3 Replies to “God Rules the World”

  1. macht

    It’s been a while since I read the book, but I’ll take a look through what you’ve written. A while ago the city of San Fransisco was considering giving the entire city free wi-fi access and I wrote a few blog posts, using some of Schultze’s ideas, that questioned whether this type of city-wide wi-fi would be good. IIRC, I didn’t take Schultze to be demonizing the Internet, per se, but rather he didn’t find the Internet to be conducive to fostering good communities (“virtuous” was the word he use, I think). I think he did take the position that the Internet can assist in community building, but can’t replace an embodied community. I wonder what he would say about blogs today … his book was being written just as blogging was beginning to become popular. I’ve noticed that a lot of blogging communities have “real” get-togethers, suggesting they would agree with you that “an embodied community is a MUST.”

    Regarding Smith, I think I originally found your blog a while ago because I had just finished reading his Who’s afraid of postmodernism? and was looking for what other people had to say about it. I’ve enjoyed most of what I’ve read of his.

  2. Theoblogical Post author

    It seemed that , when I read it (this was 2003, and I’ll have to go back and look at my comments then…..which can be found here and further back in the archives that month.

    He was just way too demonizing of the Internet.
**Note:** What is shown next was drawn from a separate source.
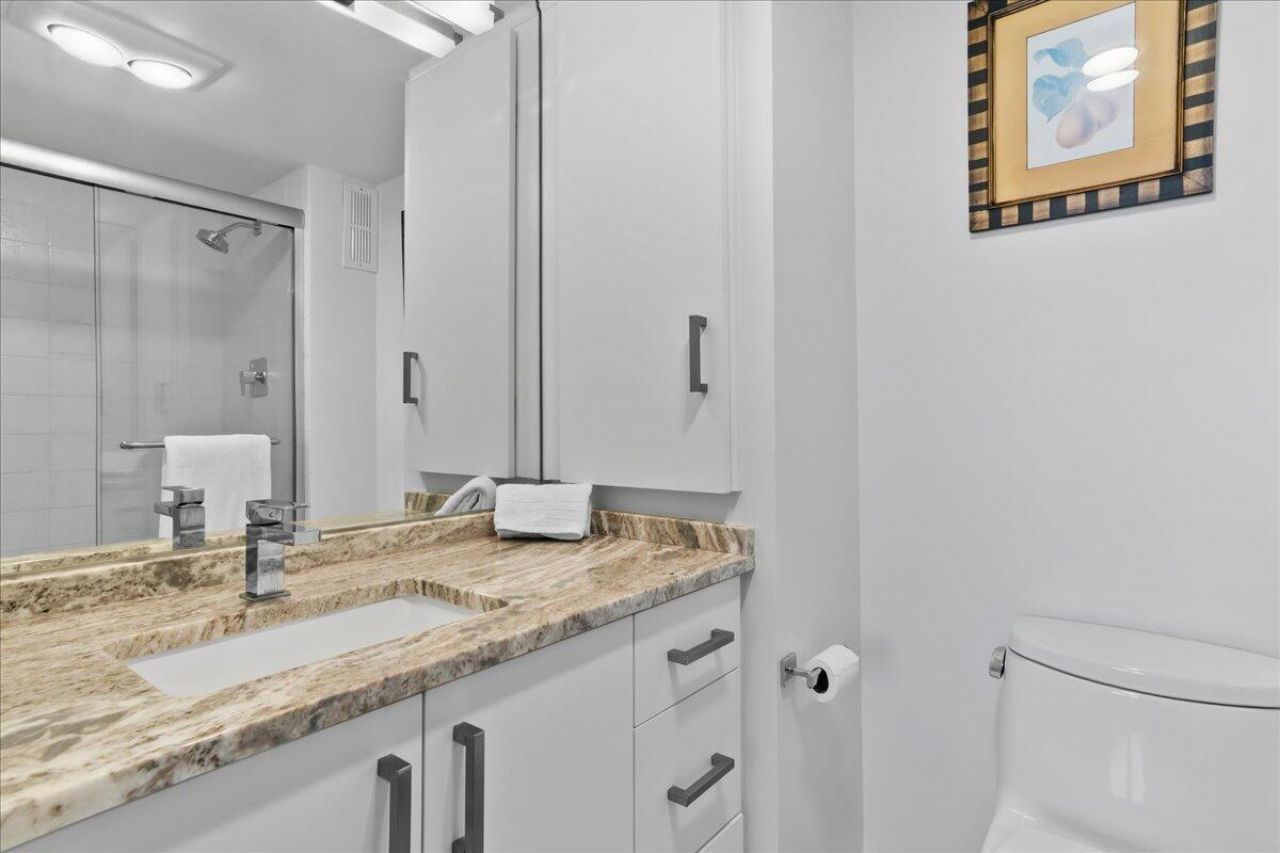 4511 S Ocean Boulevard, Unit 805, Highland Beach, FL 33487 Photo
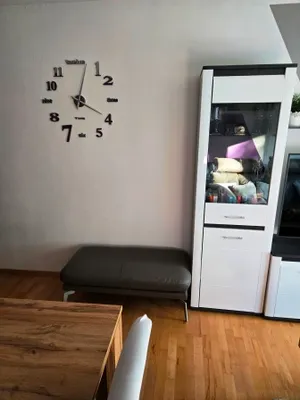 2-Zimmer-Wohnung kaufen in Sankt Pölten Land – 64 m², € 198.000 – Bild 12 von 28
While it’s not exactly a communal nirvana, I contend with Schultze in those posts that this “embodied church” he speaks of is too rare , and so has a hand in creating the “disembodied” conversations, and serves often as a “surrogate”, although I now contend that this cannot be the end of it. I am much more convinced (after 4 years since then of having practically no church at all) that an embodied community is a MUST. But in the absence of a sense of serious thriving after authentic community in the churches, to find kindred spirits who long for such embodiment is a bit of a respite; a relief. Schultze showed hardly any recognition of this.

    Thanks for asking, though! A Calvin College colleague of his, James KA Smith is quite active in blogs and online communities, and yet he is certainly stressing the absolute neccessity of an “embodied” body of Christ.